Malicious actors are using increasingly sophisticated methods to get users' account data from many companies, including Apple, with a new report detailing the use of fake law enforcement emails for doxxing.
While scams have existed long before the dawn of email, the internet opened up a whole new avenue for attacks via email. We've all heard of scammers pretending to be royalty, or those saying you've won the lottery, neither of which is a particularly effective approach these days.
More recently, however, scammers have taken up impersonating law enforcement officials as a means of obtaining someone's personal information. To no one's surprise, individuals and groups with ill intent often use email addresses that closely resemble those of legitimate law enforcement agencies.
As Wired points out, however, doxxing groups have, on multiple occasions, also used the compromised email accounts of real government employees and law enforcement officials. The publication interviewed Exempt, an individual affiliated with the doxxing group, offering additional information about their motives and methods of operation.
How and why doxxers target large companies
In short, the group usually impersonates law enforcement and tries to contact the law enforcement response teams of large companies the likes of Apple and Amazon. The goal, understandably, is to trick the company into providing information about a specific user or group, and to later sell that information to a third party.
To accomplish this, Exempt's group buys domains similar to those used by law enforcement entities, with the only difference often being the URL ending in .us instead of .org, for example. The group also spoofs the phone numbers of police and sheriff's offices when contacting companies' law enforcement response teams, making the target more likely to believe it's a legitimate request.

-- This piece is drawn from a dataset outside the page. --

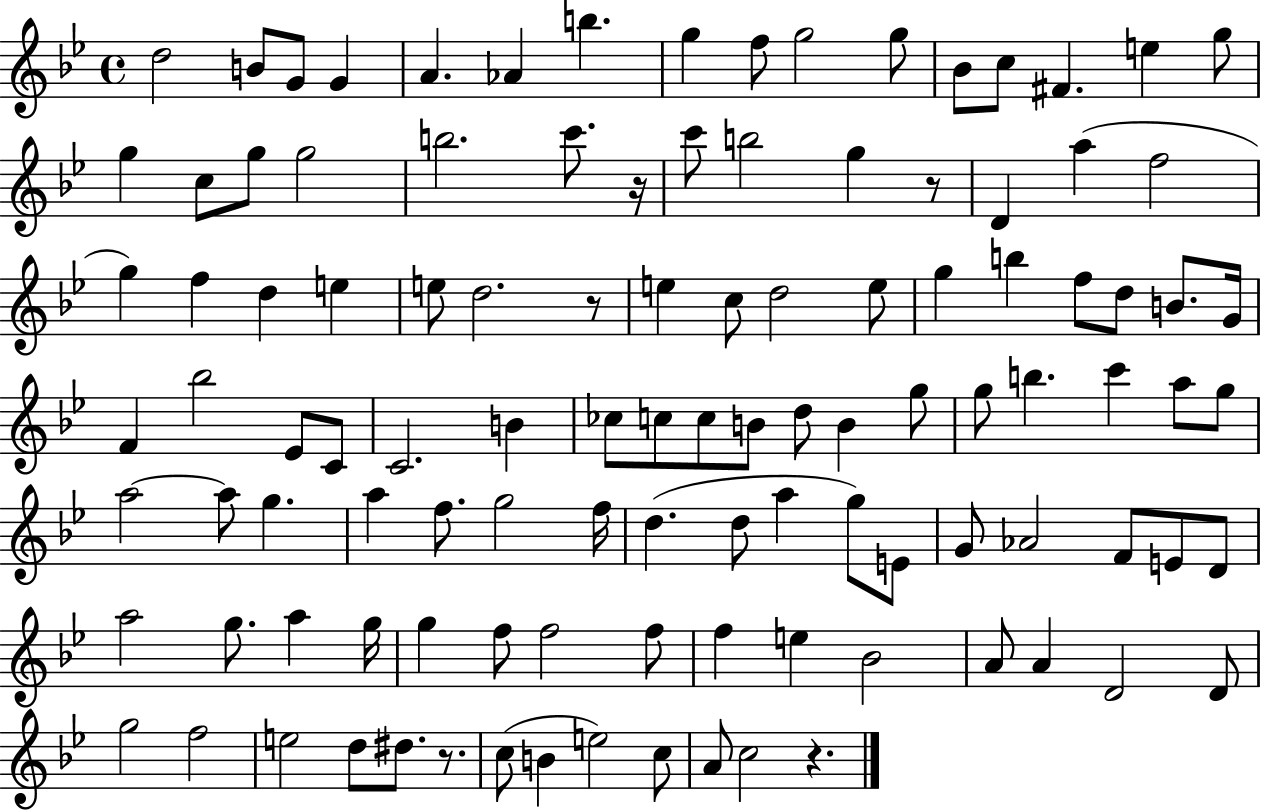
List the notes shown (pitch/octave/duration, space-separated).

D5/h B4/e G4/e G4/q A4/q. Ab4/q B5/q. G5/q F5/e G5/h G5/e Bb4/e C5/e F#4/q. E5/q G5/e G5/q C5/e G5/e G5/h B5/h. C6/e. R/s C6/e B5/h G5/q R/e D4/q A5/q F5/h G5/q F5/q D5/q E5/q E5/e D5/h. R/e E5/q C5/e D5/h E5/e G5/q B5/q F5/e D5/e B4/e. G4/s F4/q Bb5/h Eb4/e C4/e C4/h. B4/q CES5/e C5/e C5/e B4/e D5/e B4/q G5/e G5/e B5/q. C6/q A5/e G5/e A5/h A5/e G5/q. A5/q F5/e. G5/h F5/s D5/q. D5/e A5/q G5/e E4/e G4/e Ab4/h F4/e E4/e D4/e A5/h G5/e. A5/q G5/s G5/q F5/e F5/h F5/e F5/q E5/q Bb4/h A4/e A4/q D4/h D4/e G5/h F5/h E5/h D5/e D#5/e. R/e. C5/e B4/q E5/h C5/e A4/e C5/h R/q.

Other times, the group teams up with cops who want a share of the profit, in exchange for their email being used to dox someone via a fraudulent request. Alternatively, they'll use working email credentials sourced from prior hacks and database leaks.
As for the information requests themselves, Exempt's team takes great care to mimic the look and feel of an official document. They'll even go so far as to cite relevant and applicable laws in the requests they send to large companies in the United States.

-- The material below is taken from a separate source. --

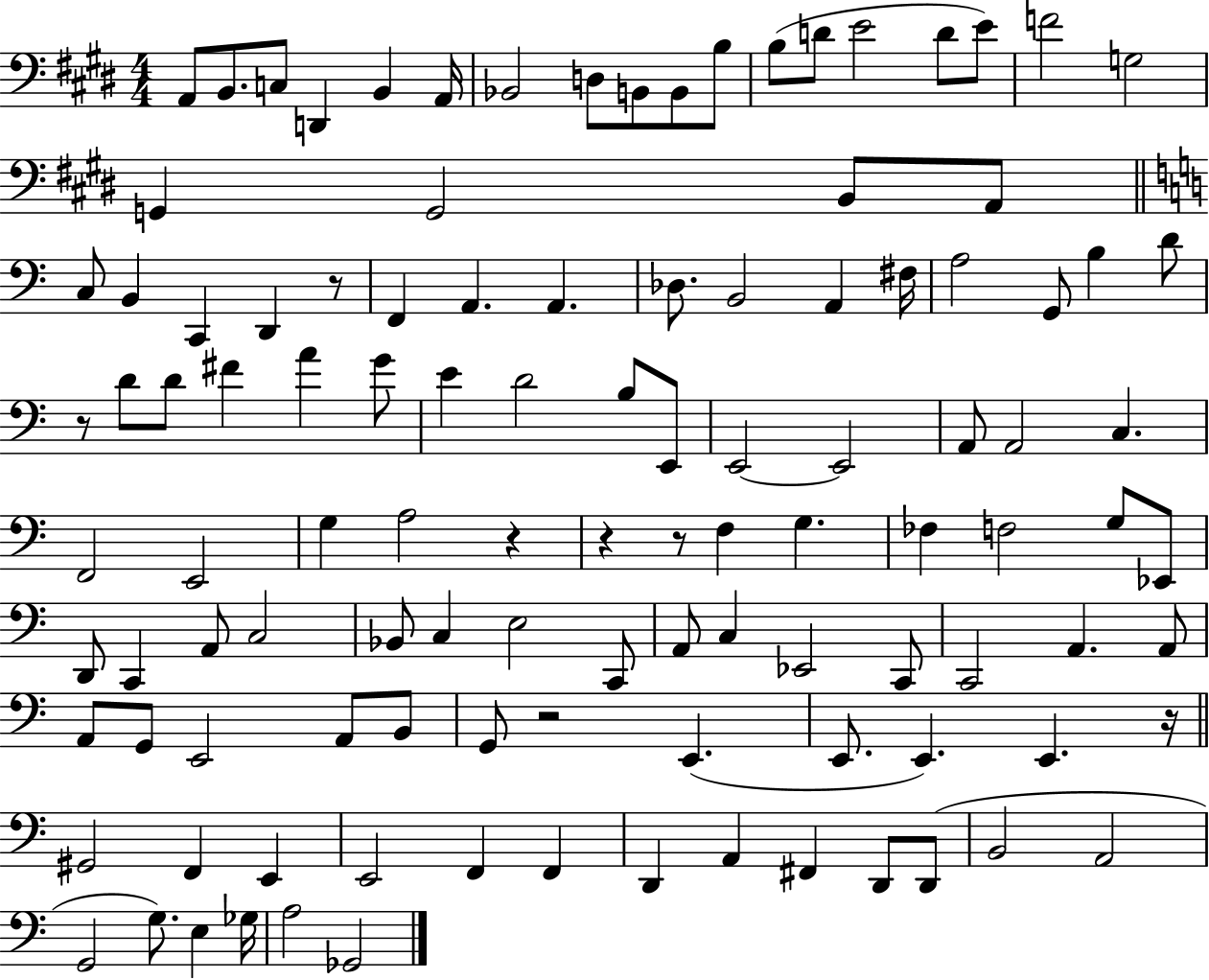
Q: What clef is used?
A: bass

If the group is sending a fake warrant or subpoena, they'll use the name and relevant information of a judge who happens to be in office on that particular day. That way, if a representative of the company being targeted by the team tries to inquire, they'll learn that the judge is indeed in the building.
Often, judges are unable to verify the information on additional warrants or subpoenas over the phone, which is what the hackers in the doxxing group Exempt and his team are counting on.
How attackers abuse emergency data requests
Still, not every attempt is successful.
Sometimes, fraudulent requests are caught via the target companies' request verification measures. To circumvent this, malicious groups take advantage of so-called emergency data requests, which are meant to prevent immediate harm or even death.
Apple was among those targeted by the hackers.
Apple is among the companies that deliver information when an emergency request is submitted. It's also one of the companies Exempt's group targeted, and they reportedly received the personal information of an Apple Account holder, including their home address, email, and phone number.
Apart from these account details, the account information Exempt's team received did not include data stored on iCloud, such as user photos, notes, and so on.
The iPhone maker outlined the process for an emergency data request in its Legal Process Guidelines.
"In order to request that Apple voluntarily disclose information on an emergency basis, the requesting government or law enforcement officer should complete the Emergency Government & Law Enforcement Information Request form and transmit it directly from their official government or law enforcement email address," reads Apple's documentation.
Apple also emphasizes that the request should contain "the words 'Emergency Request' in the subject line," among other things.
Apart from the attackers themselves, no single company or person is to blame. It's the nature of the emergency information request system and its shortcomings. There's just no simple way to verify a contact via email without it being a drawn out process.
Why there's no cause for alarm
Even so, most users have little reason for concern, unless they suspect they're being targeted directly by a bad actor for a reason. Hackers don't generally go out of their way to target everyday users, unless it's a vendetta, or they believe they can steal or extort money from a person.
As such, there's no immediate action for end users to take, but AppleInsider recommends exercising caution when dealing with suspicious-looking emails. A somewhat similar iMessage scam involving fake government addresses gained traction in November 2025.